The User space usage examples are listed in ICCom convenience library documentation: Libiccom.
In short, the ICCom stack usage from User space applications converges to following picture:
It is not about permissions control on the sockets (at least for now): current ICCom Socket IF uses netlink layer to export the sockets to the User space and the netlink doesn't support the permissions management in User space.
It is not about addressing a several devices within one physical connection: at least for now a single ICCom instance is attached to a single transport facility and it doesn't support any device addressing at transport layer. Say one will not be able to select different target devices if ICCom is build on top of the CAN bus transport.
As long as ICCom protocol is not accelerated in any way by hardware it is not about high bandwidth connection unless high connectivity CPU loads are fine for the system. Unless hardware-accelerated its major purpose is to run the moderate data exchange flows, messaging, event notification, etc.. It was not precisely estimated but depending on the transport layer, one can expect to run 1MB/s stream on a good CPU without significant imact on overal performance, but not higher. Anyway performance assesment on various types of transport layer still to be done.
Right now it is not about forward error correction, which would allow ICCom to withstand higher transport channel noise without affecting its latency and bandwidth. It would be a nice extension to ICCom.
ICCom comes with two dedicated testing modules which provide quite exhaustive ICCom module testing abilities.
First module is ICCom Test module, which runs a set of predefined test sequences, inluding
- same data get as sent to various channels and different data sizes,
- multithreading acces to ICCom interface to get and send data,
- heavy load multithreadin access to ICCom on noisy channel,
- ICCom initialization/closing test. Some of the ICCom Test module tests depend on the second testing module.
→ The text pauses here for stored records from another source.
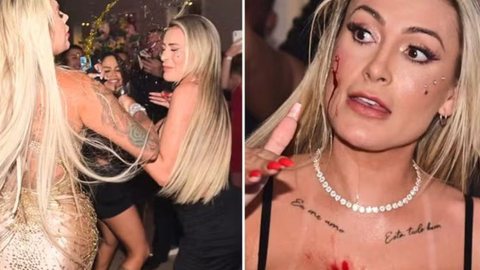 IMAGENS FORTES! Andressa Urach leva surra em briga e vai parar no hospital - Imagem: Reprodução/Instagram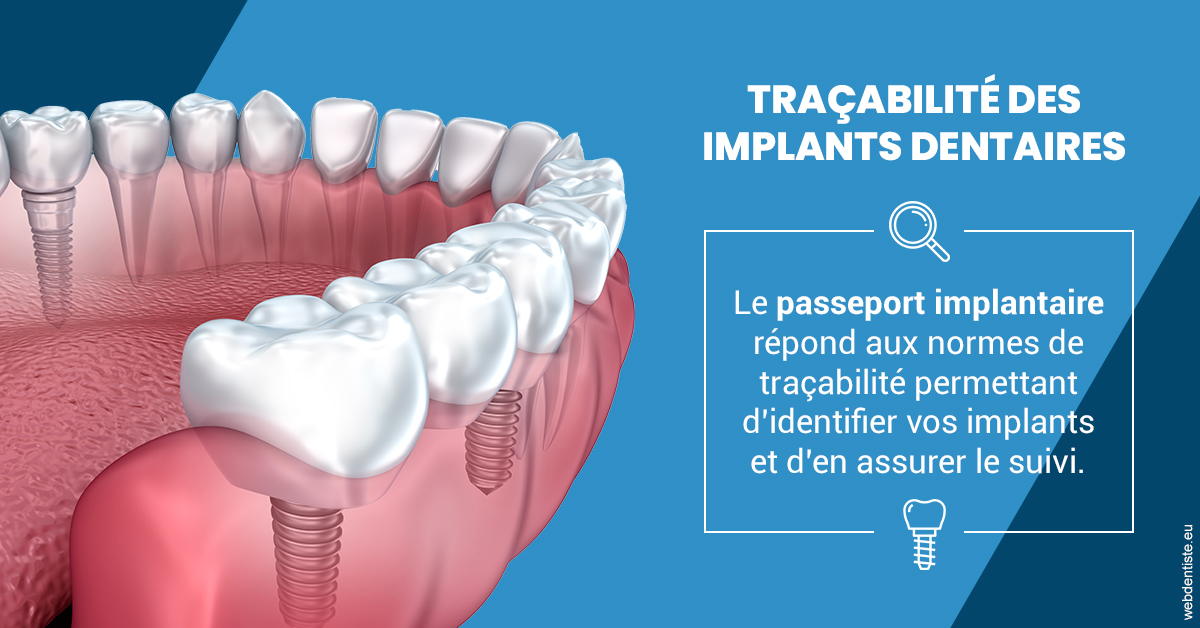 https://www.cabinet-dentaire-lorquet-deliege.be/T2 2023 - Traçabilité des implants 1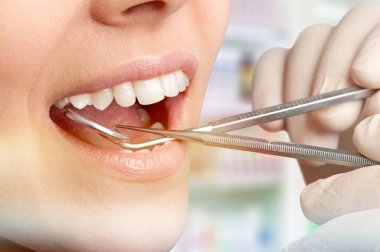 diş kliniğinde diş hekimi muayene dişleri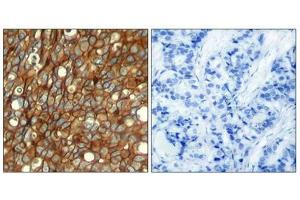 Immunohistochemical analysis of paraffin-embedded human breast carcinoma tissue using HER2 (Phospho-Tyr1248) Antibody (left) or the same antibody preincubated with blocking peptide (right). (ErbB2/Her2 Antikörper  (pTyr1248))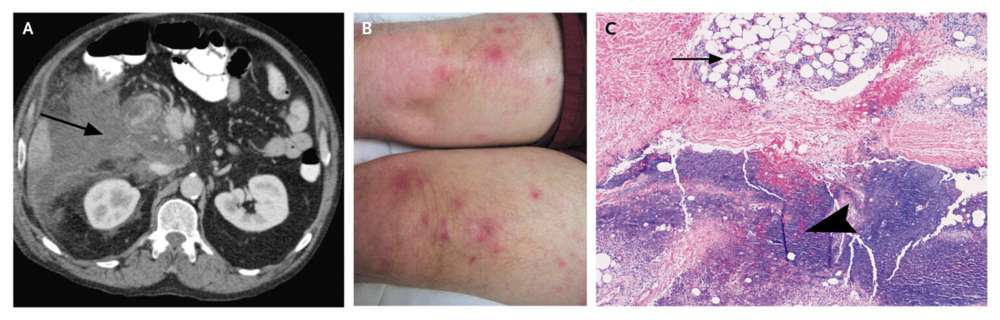 Lobular Pancreatic Panniculitis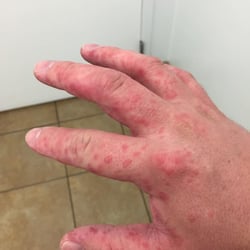 Access Medical Center Urgent Care, Moore - They knew he was allergic to this stuff but gave it to him anyway. Pharmacist said he's lucky to be alive. Never even got an apology.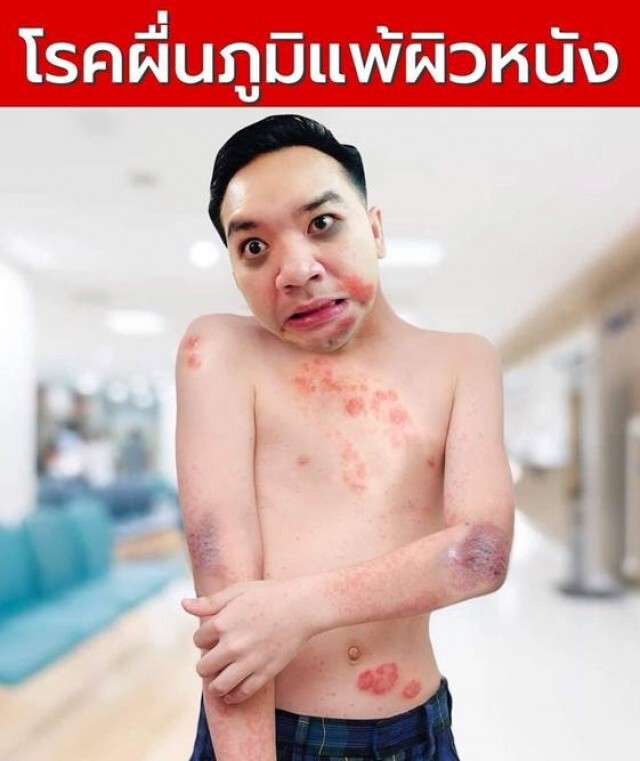 " หมอแล็บ " เผย ' โรคผื่นภูมิแพ้ผิวหนัง ' รุนแรงส่งผลต่อการใช้ชีวิต!!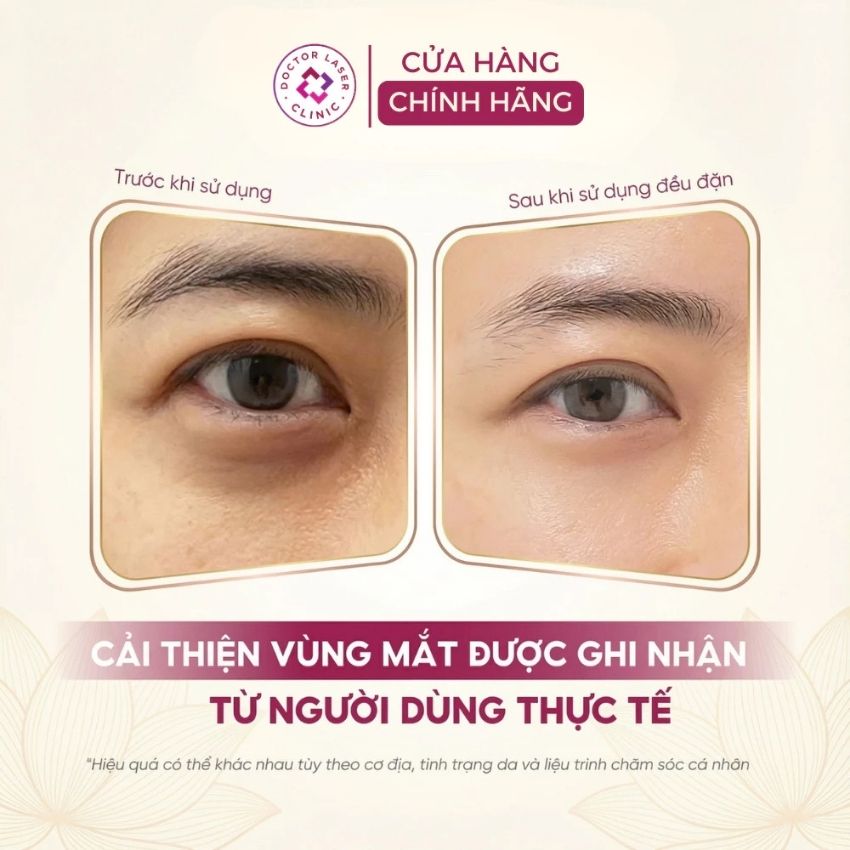 ket-qua-cai-thien-bong-mat-sau-khi-su-dung-eyelift-serum Serum trị thâm mắt Dr. Clariv dưỡng sáng vùng mắt 20ml - Ảnh 4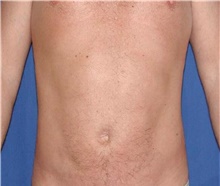 Liposuction After Photo by Karol Gutowski, MD, FACS; Glenview, IL - Case 39223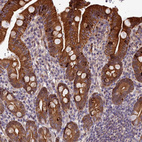 Anti-ABCB8 Antibody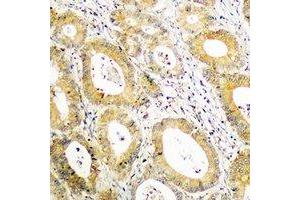 Immunohistochemical analysis of BCAR3 staining in human colon cancer formalin fixed paraffin embedded tissue section. (BCAR3 Antikörper  (C-Term))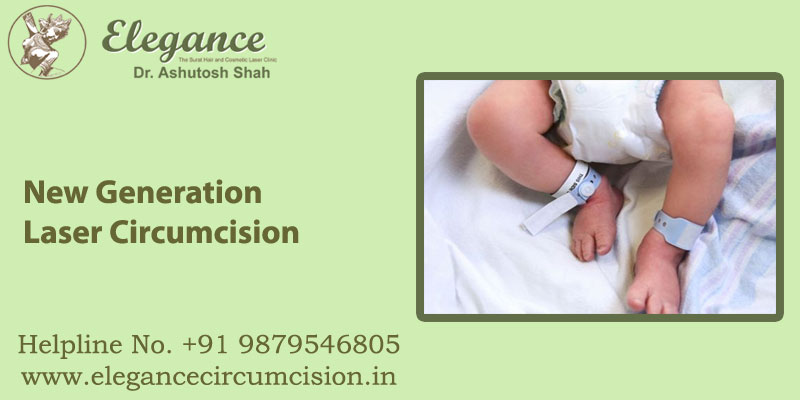 New Generation Laser Circumcision in surat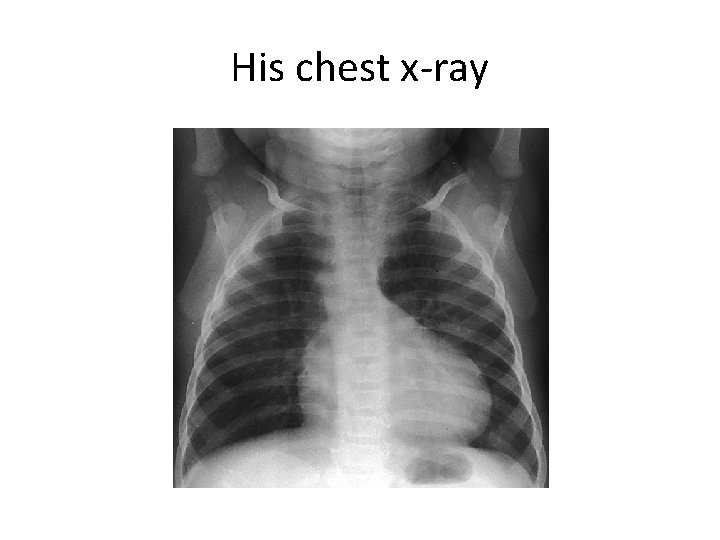 His chest x-ray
Second module is called Full Duplex Distortive Mirror (FDDM), it is dedicated to mock a full-duplex transport layer below the ICCom, using standard ICCom full-duplex transport interface. It just reflects back everything it receives. But also it allows to configure a controllable random bit distortion (flipping). By defining the bit error rate (in errors per MB) one can simulate the noisy transmission channel below ICCom and thus check how ICCom behaves under specific amount of transport channel noise.
The FDDM driver can be used to test the ICCom module only (if ICCom Test module is used) as well as both ICCom and ICCom Socket IF modules together (if communication runs from the User space).
Here is the test data flow in the case of ICCom test module run:
NOTE: the SymSPI cases in the example most probably will be made optional, cause ICCom doesn't require any specific transport layer.
As seen in the example the test flow tries to run ICCom in scenarious and check if it still holds nicely.
Enabling the FDDM driver and attaching it to the ICCom will allow to test the ICCom drivers in stack and under transport channel of various levels of noise.
The driver stack is working, and allows one to run the communication on top of it, however some grooming is needed to abstract interfaces and driver instances, cause now they have explicit build time dependencies, which should be avoided. Also mirror driver usage should be made consistent with new ICCom Socket IF layout. So, the ICCom + SymSPI configuration runs out of the box, while other configurations require to be groomed.